More education for U.S. workers of all ages could help slow an anticipated moderation of productivity growth as the population ages, Federal Reserve Chairman Ben Bernanke said on Monday.
The U.S. workforce will increase more slowly and is likely to be less experienced on average as people born in the 1960s and 1970s replace the "baby boom" generation ranging in age from the late 40s to the early 60s, Bernanke said in remarks prepared for delivery to the U.S. Chamber of Commerce.
Bernanke did address the current economic situation or the near-term outlook for the economy or interest rates in his speech.
The graying of the U.S. population means higher levels of education are necessary to sustain productivity growth, he said.
"The slower expansion of the labor force, all else equal, implies slower growth of potential output," Bernanke said.
"More schooling for more of the workforce could help cushion the impact of this demographic transition on economic growth by boosting productivity growth."

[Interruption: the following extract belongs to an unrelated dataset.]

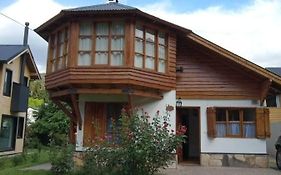 Cabaña en el Centro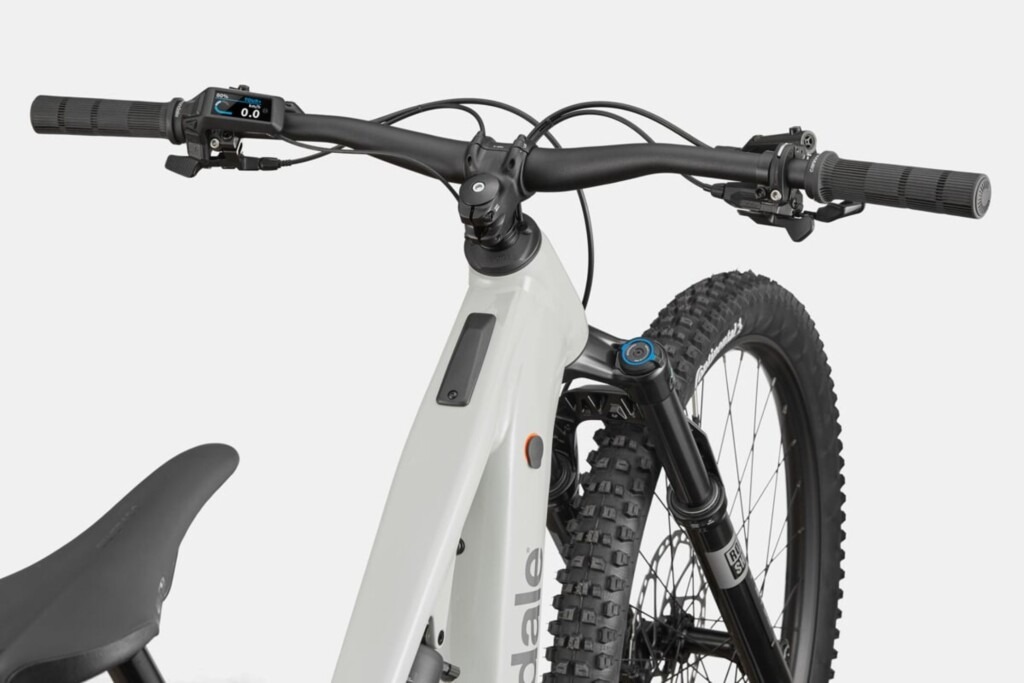 elektrobicykel Cannondale Moterra 3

Advances in productivity are key to improving the U.S. standard of living, Bernanke said.
Continuing advances in technology put a premium on education, the Fed chairman said. Use of information technology in health care and other service sectors is likely to pick up, he added.
The ability of the U.S. economy to benefit from globalization and adapt to changes from globalization also depends on education, Bernanke said.
"Our ability to reap the benefits of globalization will depend on the flexibility of our labor force to adapt to changes in job opportunities, in part by investing in the education and training necessary to meet the new demands," he said.